Here we have Leif again “Except for SC24, TSI can be calculated from the SSN with no lag: BS!!
What is the matter with you guys? The annual TSI lags are right in the table above in plain sight. Take your blinders off.
Secondly I didn’t say SC24 wasn’t anomalous, I just said Leif’s criteria for that as first stated here today wasn’t met. The SC24 TSI peak did lag the SSN peak by one year, using annual data, so what was so anomalous about that, given his stated criteria?
http://www.sidc.be/silso/DATA/SN_d_tot_V2.0.txt
http://www.sidc.be/silso/DATA/SN_m_tot_V2.0.txt
http://www.sidc.be/silso/DATA/SN_y_tot_V2.0.txt
ftp://ftp.geolab.nrcan.gc.ca/data/solar_flux/monthly_averages/solflux_monthly_average.txt
SC24 is anomalous, and the relationship between TSI and SSN has changed.
Plotting your data list gets us:
http://www.leif.org/research/TSI-Dont-Lag.png
Each curve has its own small variations as shown in the top panel.
If TSI would be lagged 1 year, then shifting it 1 year earlier should improve the agreement between the curves, and it clearly does not. It makes it worse. Thus: no 1 year lag.

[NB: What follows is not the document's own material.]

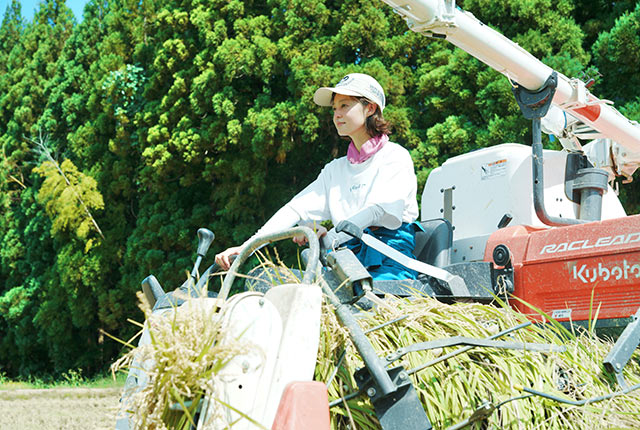 コンバインを乗りこなす小林涼子さん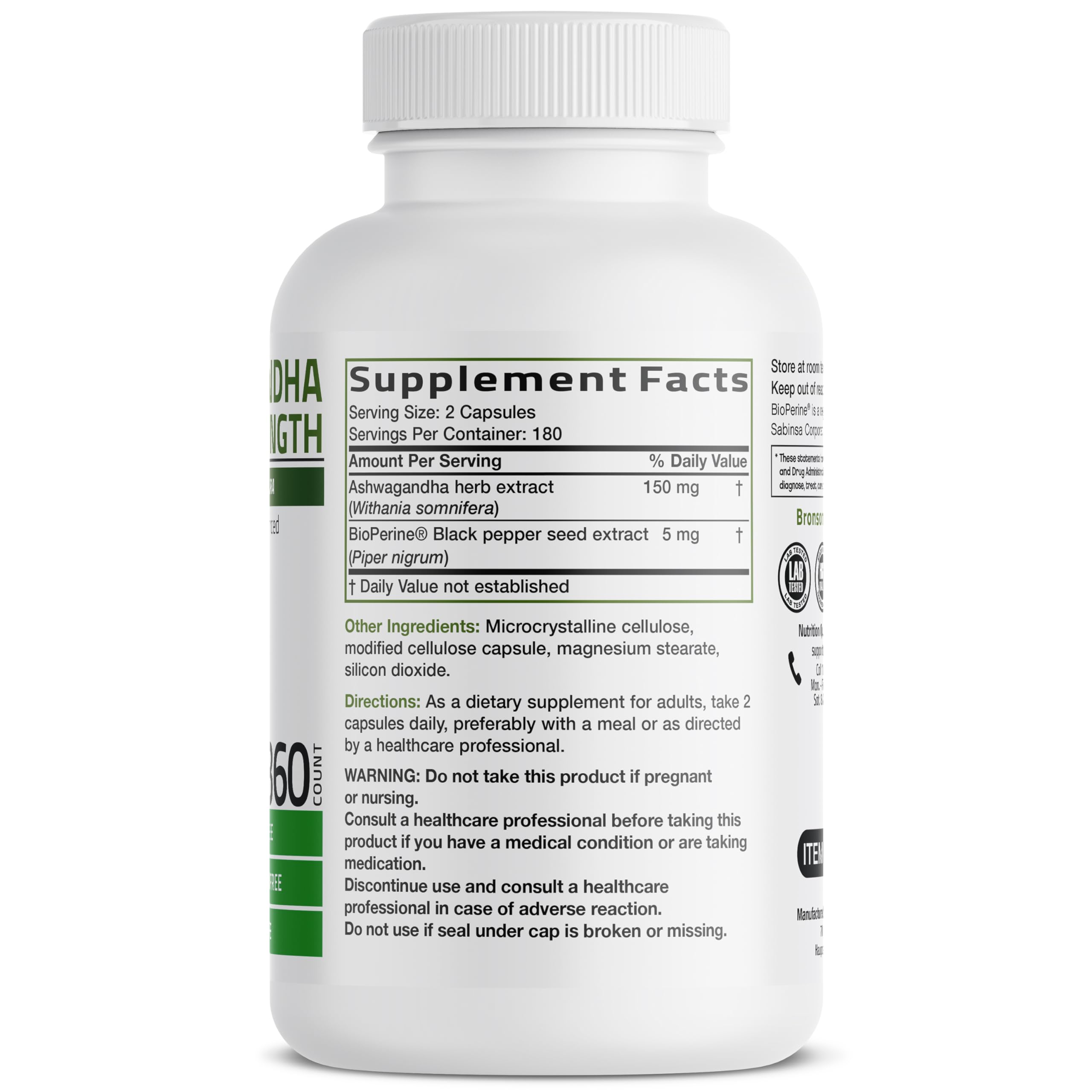 Bronson Ashwagandha Extra Strength Stress & Mood Support with BioPerine - Non GMO Formula, 120 Vegetarian Capsules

But also note the anomalous SC24.
Dr. Svalggard
You make false accusation without able to provide a proof. If you did that in your home state you would end up in a courthouse.
Now you make even more ridiculous request, that I should find evidence that I written what I didn’t write to prove your false accusation.
lsvalgaard April 22, 2016 at 3:11 pm
“If you are interested find the quote yourself. You are better positioned to do that, and I have other things to do.”
In view of the latest exchanges:
I was inclined to accept your work on the new ‘sunspot data’ as probably OK, despite huge alterations ranging from -20% to +30%, in order to eliminate all but the most severe solar variability (even questioning the existence of the Maunder Minimum).
Now you come up with: 100ppm rise in the CO2 is responsible for 0.5C rise in the global temperatures, that is what the data shows. Like it or not.
No, you don’t fool me any longer, sir.
The nice lady Judith Lean came up that figure based on the data available. Complain to her.
And keep looking for your solar penetration idea. It is there.
There is another nice lady called Judith (Curry), this time a professional climate scientist.
Your quote would have far more credibility if you quote on the climate matters a renown climate than a solar scientist.
Anyone can rattle false accusations, people loose their respect for those who do it but can’t prove it.
a professional climate scientist.
All the sudden climate scientists are doing valid science? that is a new one. Curry may be a special case, why don’t you ask her what she thinks the 100 ppm would do. Now, Lean is a recognized climate expert:
http://www.nrl.navy.mil/media/news-releases/2014/dr-judith-lean-receives-double-honors-in-geophysical-research-letters-top-40
Nobody is fishing for respect, perhaps with the exception of you.
“Nobody is fishing for respect, perhaps with the exception of you.”
Respect is not attained by a hobby of poking fun at the ‘settle science’, none asked for, none gained.
However your respect is a great danger by continuously rattling a false accusation that you can prove, it borders on bizarre, next time I see it, I’ll probably burst into laughter.
On matter of two Judiths :
I don’t entirely agree with Dr. Curry on number of matters, but respect her views.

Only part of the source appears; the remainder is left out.